Suatu ketika, saya dan teman-teman sedang mbolang, bermain diluar, entah apa saja yang dimainkan, yang jelas bukan game Mobile Legend atau Free fire dan sak pinunggale, karena memang gadged belum menyerang kami. Singkat cerita karena kami main jelajah-jelajahan (ceritanya pura-pura seperti Si Bolang), kami tak sadar kalau ternyata kami telah memasuki area yang disebut sebagai pasar ghaib itu. Satu teman kami baru tersadar karena melihat sesuatu dari kejauhan. Sebut saja dia Agus. Ketika asik-asiknya, tiba-tiba Agus diam mematung, semua berhenti dan menanyai agus. Agus menunjuk arah bambu-bambu sambil terbata-bata menyebut kata pocong. Sontak semua menoleh, dan seketika berteriak "Setannnnn" sambil lari terbirit-birit. Saya yang tidak melihat apa-apa, sontak juga ikut berlari, entah mengapa tiba-tiba ikut ketakutan, padahal tidak tahu takut pada apa.
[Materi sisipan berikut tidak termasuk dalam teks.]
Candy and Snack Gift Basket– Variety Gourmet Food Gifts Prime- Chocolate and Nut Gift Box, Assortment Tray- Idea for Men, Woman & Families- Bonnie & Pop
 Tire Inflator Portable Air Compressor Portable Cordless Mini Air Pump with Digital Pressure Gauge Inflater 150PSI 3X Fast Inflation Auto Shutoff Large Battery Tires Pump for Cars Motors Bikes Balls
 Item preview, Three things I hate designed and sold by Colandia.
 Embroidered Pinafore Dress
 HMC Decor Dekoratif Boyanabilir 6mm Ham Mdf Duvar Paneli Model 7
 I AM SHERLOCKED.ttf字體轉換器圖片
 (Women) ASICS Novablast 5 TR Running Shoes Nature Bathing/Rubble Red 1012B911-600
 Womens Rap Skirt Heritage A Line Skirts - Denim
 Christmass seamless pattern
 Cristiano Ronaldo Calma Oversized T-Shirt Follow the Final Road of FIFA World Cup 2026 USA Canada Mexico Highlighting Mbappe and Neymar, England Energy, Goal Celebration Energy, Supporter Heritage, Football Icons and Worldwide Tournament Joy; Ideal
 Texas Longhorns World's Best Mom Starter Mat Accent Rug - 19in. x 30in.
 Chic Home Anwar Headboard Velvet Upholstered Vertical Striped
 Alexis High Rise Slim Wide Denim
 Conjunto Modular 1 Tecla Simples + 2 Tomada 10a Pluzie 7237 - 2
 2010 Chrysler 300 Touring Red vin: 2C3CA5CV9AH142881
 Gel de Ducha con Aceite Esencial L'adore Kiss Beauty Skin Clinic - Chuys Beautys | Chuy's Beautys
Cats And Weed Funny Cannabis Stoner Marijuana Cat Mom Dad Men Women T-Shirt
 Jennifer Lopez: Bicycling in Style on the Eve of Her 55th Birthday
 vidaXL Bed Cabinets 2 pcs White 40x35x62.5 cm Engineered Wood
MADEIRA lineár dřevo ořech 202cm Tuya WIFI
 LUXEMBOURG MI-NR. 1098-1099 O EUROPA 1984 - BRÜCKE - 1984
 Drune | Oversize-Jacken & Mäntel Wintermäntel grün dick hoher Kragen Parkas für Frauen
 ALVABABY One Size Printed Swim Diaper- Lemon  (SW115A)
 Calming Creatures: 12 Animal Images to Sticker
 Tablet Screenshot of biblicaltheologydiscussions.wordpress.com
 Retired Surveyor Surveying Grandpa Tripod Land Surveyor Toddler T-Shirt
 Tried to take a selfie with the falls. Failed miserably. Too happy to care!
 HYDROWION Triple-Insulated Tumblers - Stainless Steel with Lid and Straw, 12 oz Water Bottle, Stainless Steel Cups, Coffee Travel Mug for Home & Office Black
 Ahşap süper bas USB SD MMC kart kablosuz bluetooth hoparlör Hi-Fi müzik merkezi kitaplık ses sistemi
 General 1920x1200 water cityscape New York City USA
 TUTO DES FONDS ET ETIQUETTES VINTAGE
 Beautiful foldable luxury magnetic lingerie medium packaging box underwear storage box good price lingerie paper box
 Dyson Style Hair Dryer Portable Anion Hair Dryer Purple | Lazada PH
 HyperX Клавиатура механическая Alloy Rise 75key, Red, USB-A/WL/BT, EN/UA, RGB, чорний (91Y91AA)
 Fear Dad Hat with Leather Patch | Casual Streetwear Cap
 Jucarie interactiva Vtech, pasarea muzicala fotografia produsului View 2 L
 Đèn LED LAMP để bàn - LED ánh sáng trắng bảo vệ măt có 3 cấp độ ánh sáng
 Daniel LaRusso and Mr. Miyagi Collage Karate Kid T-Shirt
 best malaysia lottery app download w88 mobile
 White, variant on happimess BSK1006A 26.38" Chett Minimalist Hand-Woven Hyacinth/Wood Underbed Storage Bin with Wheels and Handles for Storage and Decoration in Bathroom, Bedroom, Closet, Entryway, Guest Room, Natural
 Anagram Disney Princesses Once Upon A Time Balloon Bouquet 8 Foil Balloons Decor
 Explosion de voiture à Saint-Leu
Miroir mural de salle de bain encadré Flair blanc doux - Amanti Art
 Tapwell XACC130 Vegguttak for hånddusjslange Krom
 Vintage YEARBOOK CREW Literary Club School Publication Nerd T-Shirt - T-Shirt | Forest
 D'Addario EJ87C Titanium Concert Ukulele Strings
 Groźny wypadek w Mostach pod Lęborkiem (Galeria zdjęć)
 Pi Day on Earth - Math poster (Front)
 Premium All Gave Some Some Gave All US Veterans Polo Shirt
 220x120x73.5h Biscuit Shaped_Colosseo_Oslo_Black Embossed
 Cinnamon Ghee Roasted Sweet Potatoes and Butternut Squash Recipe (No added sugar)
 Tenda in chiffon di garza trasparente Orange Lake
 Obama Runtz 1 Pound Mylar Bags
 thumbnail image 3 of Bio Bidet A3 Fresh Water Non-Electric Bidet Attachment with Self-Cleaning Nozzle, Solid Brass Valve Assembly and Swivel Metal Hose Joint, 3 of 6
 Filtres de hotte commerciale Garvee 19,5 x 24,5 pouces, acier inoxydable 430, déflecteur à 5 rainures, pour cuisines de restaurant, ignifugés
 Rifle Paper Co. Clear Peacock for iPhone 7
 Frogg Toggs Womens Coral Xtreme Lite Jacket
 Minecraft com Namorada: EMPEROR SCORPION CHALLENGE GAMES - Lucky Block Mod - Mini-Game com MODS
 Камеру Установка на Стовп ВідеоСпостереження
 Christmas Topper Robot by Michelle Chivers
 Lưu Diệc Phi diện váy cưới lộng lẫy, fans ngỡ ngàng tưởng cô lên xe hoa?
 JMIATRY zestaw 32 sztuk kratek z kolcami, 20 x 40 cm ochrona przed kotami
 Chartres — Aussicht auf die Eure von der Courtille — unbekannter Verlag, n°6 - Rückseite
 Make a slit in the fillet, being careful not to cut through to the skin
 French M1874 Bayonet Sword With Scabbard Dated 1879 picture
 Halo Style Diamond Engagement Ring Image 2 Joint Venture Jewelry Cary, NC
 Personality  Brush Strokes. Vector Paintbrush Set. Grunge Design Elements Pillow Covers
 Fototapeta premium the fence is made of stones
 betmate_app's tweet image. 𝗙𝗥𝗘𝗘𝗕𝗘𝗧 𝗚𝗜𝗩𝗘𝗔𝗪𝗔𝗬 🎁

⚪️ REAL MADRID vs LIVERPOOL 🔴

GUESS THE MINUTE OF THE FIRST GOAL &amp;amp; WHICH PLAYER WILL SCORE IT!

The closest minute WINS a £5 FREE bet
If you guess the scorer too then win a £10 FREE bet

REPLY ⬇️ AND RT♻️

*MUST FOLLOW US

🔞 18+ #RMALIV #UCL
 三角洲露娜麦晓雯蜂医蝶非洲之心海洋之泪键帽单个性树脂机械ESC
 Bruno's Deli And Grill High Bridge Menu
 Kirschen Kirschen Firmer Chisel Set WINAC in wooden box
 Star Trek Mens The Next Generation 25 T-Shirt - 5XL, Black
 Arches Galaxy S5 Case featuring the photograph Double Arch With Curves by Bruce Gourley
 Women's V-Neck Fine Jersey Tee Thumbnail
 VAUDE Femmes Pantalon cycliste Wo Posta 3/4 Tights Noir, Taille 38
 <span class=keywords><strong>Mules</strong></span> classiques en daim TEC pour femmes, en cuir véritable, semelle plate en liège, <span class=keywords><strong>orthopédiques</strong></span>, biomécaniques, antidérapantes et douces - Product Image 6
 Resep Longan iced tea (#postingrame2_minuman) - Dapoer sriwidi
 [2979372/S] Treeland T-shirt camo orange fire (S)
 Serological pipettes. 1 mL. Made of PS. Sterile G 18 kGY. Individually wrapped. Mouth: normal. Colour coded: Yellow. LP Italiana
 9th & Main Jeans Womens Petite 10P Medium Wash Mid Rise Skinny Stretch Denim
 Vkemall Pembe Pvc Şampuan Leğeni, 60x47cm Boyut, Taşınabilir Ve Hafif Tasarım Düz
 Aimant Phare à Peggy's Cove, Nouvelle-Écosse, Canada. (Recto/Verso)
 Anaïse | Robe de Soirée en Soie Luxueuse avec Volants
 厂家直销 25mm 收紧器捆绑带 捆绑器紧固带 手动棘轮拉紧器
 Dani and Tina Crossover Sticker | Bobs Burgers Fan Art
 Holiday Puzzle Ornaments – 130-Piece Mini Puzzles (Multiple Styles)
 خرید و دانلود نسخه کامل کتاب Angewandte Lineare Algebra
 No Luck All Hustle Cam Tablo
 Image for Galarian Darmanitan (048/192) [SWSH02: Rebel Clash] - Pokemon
Saya tersadar kalau Agus masih terdiam karena tidak bisa berlari, saya langsung kembali dan menariknya yang justru membuatnya tersungkur ke bawah, namun akhirnya bisa membuatnya berlari. Eh ternyata kesialan menimpa saya, ketika saya hendak berlari menyusul Agus yang sudah lari duluan, sandal saya tersangkut pada akar yang mencuat dari tanah, alhasil sandal jepit kesayangan saya putus. Saya berdiri dan berlari dengan mencangkingnya. Setelah lumayan jauh, saya menanyakan pada teman-teman, khususnya Agus, soal apa yg mereka lihat. Dengan kondisi nafas yang masih tersengal-sengal, Agus menyebutkan bahwa ia melihat pocong dengan wajah yang rusak, dan terlihat melotot ke arahnya. Entah mengapa kali ini membuat saya merinding, mungkin memang karena saya berada dekat dengan posisi penampakan yang dilihat teman-teman.
Keesokan harinya Agus sakit demam dan tidak datang ke sekolah. Dari kejadian tersebut saya belajar bahwa kalau mau berlari dari hantu, sandal harus dilepas dan digenggam saja agar tidak terulang lagi kejadian petaka srampat sandal.